Online Event
16th August 2022 9am to 1pm
* CANCELED by NVIDIA *
Computationally intensive CUDA® C++ applications in high-performance computing can be accelerated by using multiple GPUs, which can increase throughput and/or decrease your total runtime. When combined with the concurrent overlap of computation and memory transfers, computations can be scaled across multiple GPUs without increasing the cost of memory transfers. For projects with access to multi-GPU servers, these techniques enable you to achieve peak performance from GPU-accelerated applications. And it’s important to implement these single-node, multi-GPU techniques before scaling your applications across multiple nodes.
This code camp covers how to write CUDA C++ applications that efficiently and correctly utilise all available GPUs in a single node, dramatically improving the performance of your applications and making the most cost-effective use of systems with multiple GPUs.
Overview
At the conclusion of the code camp, you’ll have an understanding of the tools and techniques for multi GPU-accelerating C/C++ applications with CUDA on a single node and be able to:
- Use concurrent CUDA streams to overlap memory transfers with GPU computation
- Utilise all available GPUs on a single node to scale workloads across all available GPUs
- Combine the use of copy/compute overlap with multiple GPUs
- Rely on the NVIDIA Nsight™ Systems Visual Profiler timeline to observe improvement opportunities and the impact of the techniques covered in the workshop
Prerequisites
Basic C/C++ competency including familiarity with variable types, loops, conditional statements, functions, and array manipulations. Working knowledge of CUDA programming is assumed. Participants must have passed or attended the recent code camp:
About the Instructor
Richard Regan is the DiRAC Systems Manager at Durham University. As System Manager, is involved in the procurement, installation, and configuration of the COSMA HPC systems at Durham. He is also the Training Manager for DiRAC and is responsible for all training events including the essentials training and the hackathon program. DiRAC is a national service that gives free HPC access to the astronomy, cosmology, high energy physics, and particle physics research communities.
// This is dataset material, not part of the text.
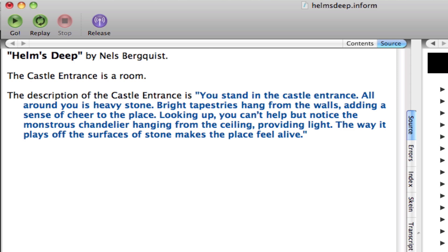You stand in the castle entrance. All around you is heavy stone. Bright tapestries hang from the walls, adding a sense of cheer to the place. Looking up, you can't help but notice the monstrous chandelier hanging from the ceiling, providing light. The way it plays off the surfaces of stone makes the place feel alive.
Richard believes that the path to efficient research is through education, and maximising the efficiency of your code through good design.
Richard was trained as a digital engineer and then worked as a software engineer for over 15 years with companies such as British Steel, Rolls Royce, and Ingenico Futronic. He then spent 8 years teaching software engineering and discovering the joys of e-learning before joining the Institute of Computational Cosmology at Durham University. At the ICC he is part of the HPC support team, and for the last 5 years has been helping to steer the training for the DiRAC community as its Training Manager.
Registering Your Interest
There are a limited number of places available for this course. Your application will be treated as an expression of interest and you are not guaranteed a place at the workshop.
After the application deadline has passed, submissions will be considered, and successful applicants will be offered a place by TBA.
This event is primarily open to those using one of the DiRAC facilities, but others will be considered if space allows.